Selon un communiqué du ministère de la fonction publique et de la modernisation de l'administration, la nominations des responsables de 39 établissements et entreprises a caractère stratégique, sur un total de 746 postes, sera du ressort du Conseil des ministres, tandis que 136 responsables d'établissements et entreprises publics seront nommés par le Conseil de gouvernement, ce qui porte le nombre total des nominations faisant partie des prérogatives du Conseil de gouvernement à plus de 500.
Le projet de loi en question, précise le communiqué, énumère 136 établissements et entreprises publics -exceptés ceux figurant sur la liste des établissements stratégiques-, ainsi que l'ensemble des hautes fonctions dans l'administration publique (secrétaires généraux, directeurs et autres) qui relèvent des prérogatives du Conseil de gouvernement et des conseils délibérants .
La liste des établissements et entreprises publics stratégiques relevant des prérogatives du Conseil des ministres comprend, selon le communiqué, 20 établissements publics et 19 entreprises sélectionnés sur la base de considérations et critères liés à la nature stratégique et à la sensibilité de leurs activités, ainsi qu'au rôle qui leur est dévolu dans les domaines économique, social et culturel.
La nomination des responsables de ces établissements publics stratégiques se fait par SM le Roi en Conseil des ministres, après délibérations au sein dudit Conseil, sur proposition du chef de gouvernement et à l'initiative du ministre concerné, souligne la même source.
D'autre part, le projet de loi organique fixe une série de principes devant être pris en compte dans la sélection des candidats à ces hauts postes de responsabilité, à savoir l'égalité des chances, le mérite, la transparence, la non discrimination sur la base de l'opinion politique, l'appartenance syndicale, la langue, la religion, le sexe, le handicap ou tout autre considération contraire aux principes des droits de l'Homme et aux dispositions de la Constitution, à côté du souci de réalisation de la parité entre les hommes et les femmes.
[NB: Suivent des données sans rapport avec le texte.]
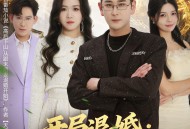 开局退婚：神医高手闯都市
Le texte définit un ensemble de critères requis pour occuper ces postes, en l'occurrence la jouissance de la totalité des droits civils et politiques, un niveau d'instruction supérieur, les compétences personnelles, l'expertise managériale et une grande expérience en la matière acquise au sein de l'Administration publique, des collectivités territoriales et des établissements ou entreprises publiques .
Le communiqué a mis en avant la portée et l'extrême importance politiques de ce projet de loi en cette étape cruciale de l'Histoire du pays, en tant que première mesure dans le cadre de la mise en oeuvre de la nouvelle Constitution, décrivant ce texte comme "un modèle avancé de bonne gouvernance au niveau international et un levier essentiel pour la consolidation des fondements démocratiques en termes de gestion des affaires publiques".